Now, either she has become lazy in her excuses for not wanting to see me, or her school organises a great number of parents’ nights. Hoping it might be the latter, I consulted a friend called Lucy, a teacher at a primary near Guildford in Surrey.
She said it was quite normal to have at least one parents’ night per term, plus two or even three ‘parents’ workshops’. These workshops are dedicated to specific themes such as ‘how to support your children’s homework’ or ‘how to support your child’s literacy development.’ These usually happen at 6 p.m. on a weeknight and are well attended, I am told. But I get the impression that they are enjoyed more by the parents than the teachers, and it does make me wonder whether they are strictly necessary. The emphasis, Lucy told me, is more on making sure the parents are supportive of the school than showing them how they can be more supportive of their children.
As with so many other professions, this means that expectations have to be managed as a kind of defence mechanism. In this case, it’s the expectations of parents who are desperate for their children to do well and, understandably, want a steer about their prospects. But, of course, there’s more to it than that.
For starters, parents aren’t keen to hear the truth, and even if they were given the hard facts about their child’s complete failure to show any interest in his or her sums, would they accept it? Lucy tells me that a slip is included with the reports that go out at the end of the summer term. This is for parents to fill in and send back if they feel anything in the report is unfair — or, presumably, if they want to complain about the teacher. If we continue like this, parents will soon be producing reports on the teachers.
That’s why those ten-minute ‘Meet the Teachers’ sessions can be such a charade. No teacher in modern Britain is going to say that Tabitha needs someone to read her the riot act about her attitude or that she’s disruptive in the class and in danger of having to repeat a year, suffering all the indignity that comes with it.
Instead, Tabitha’s parents will be told that she is ‘lively in class’. Freddy, meanwhile, who is struggling to read and can still barely write his name will be described as a ‘lovely chap, who is very popular with the rest of the class’.
It wasn’t always quite so sugar-coated. Shortly before my mother died she handed over all of my school reports. They do not always make for happy reading. But what strikes me is how different they are in tone to the 21st-century variety. For example, my housemaster at one point wrote that I was prone to a ‘frenzied, hollow tone of sociability’ to which he ‘took great exception’. In other words, he could not abide me — and I can assure you the feeling was mutual. But at least we both knew where we stood and with a little diplomacy here, compromise there, we soon found ways to repair the relationship. My Spanish teacher said that ‘cheerful chappy Palmer could never be accused of overwork’ and my English teacher at O-level said I was a ‘slick performer who never failed to cover reams of paper in his disgusting handwriting’. Guilty as charged, m’lud — and my handwriting is still appalling.

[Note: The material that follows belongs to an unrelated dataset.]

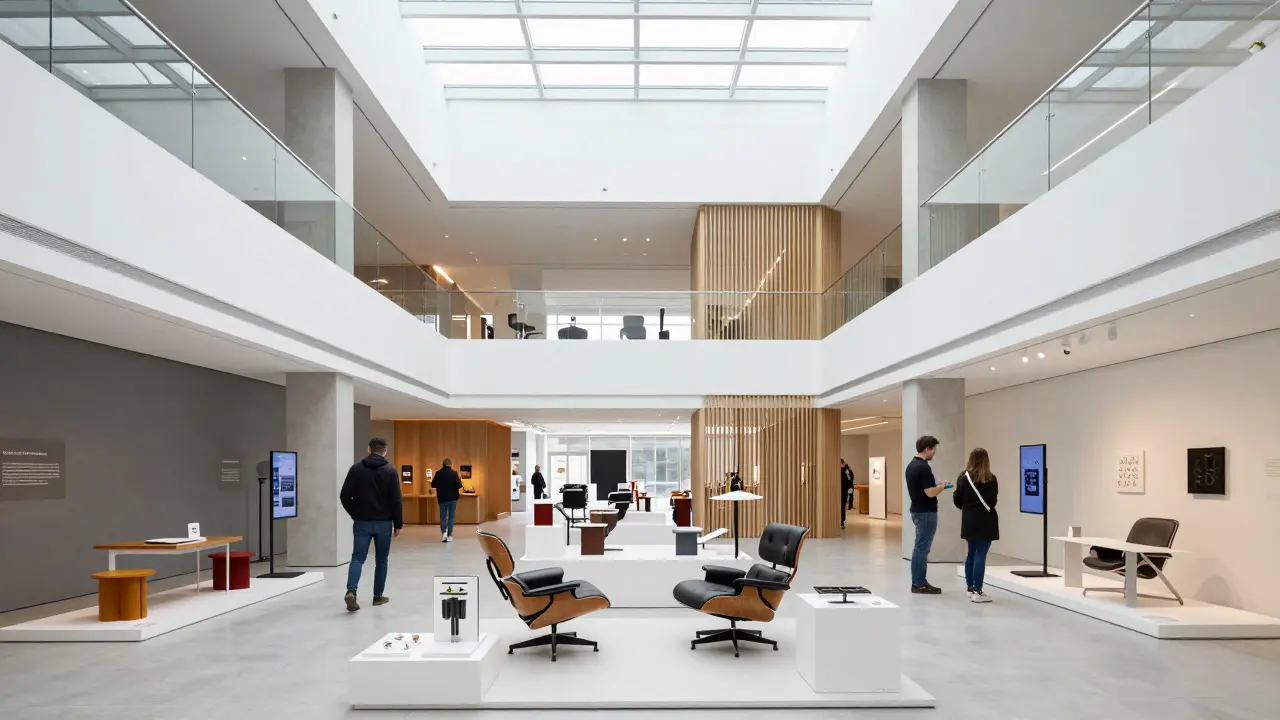 Interior of the Design Museum showing modern exhibits and natural light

Lucy says she has to be far more diplomatic than my teachers were. Ben ‘knows the behavioural expectations of the school but sometimes chooses not to follow them’ is one of her ways of avoiding the obvious conclusion that Ben is a bit of a nightmare. Catherine ‘sometimes finds it difficult to listen to others, while is always keen to express her own views’ must be code for Catherine’s lust for power and enjoyment for lording it over others.

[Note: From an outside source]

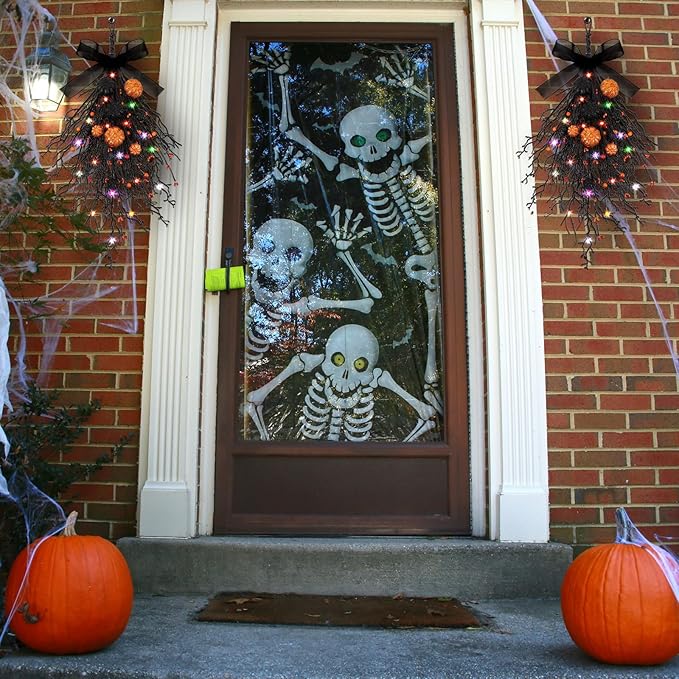 2 PCS Halloween Wreaths Halloween Floral Teardrop Swags Hanging Swag Plants Black Garland with Pumpkin Berries and 9.8ft Lights for Indoor Outdoor Party Wall Home Room Fireplace Porch Window Decor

Tom Dawson, headmaster of Sunningdale, the all-boys Berkshire prep, agrees that the tone of reports has changed significantly from 20 or 30 years ago.
‘They tend to be far more bland and therefore safer and perhaps less individual as a result,’ he says. ‘Because there is so much more regular contact between teachers and parents, you don’t want to encourage a barrage of emails from parents who might think the report has been unfair. And if we do write a negative report, we make sure that it does not come as a surprise. Reports are more of a summary than a red flag.’
Which, of course, doesn’t necessarily mean that they are more effective.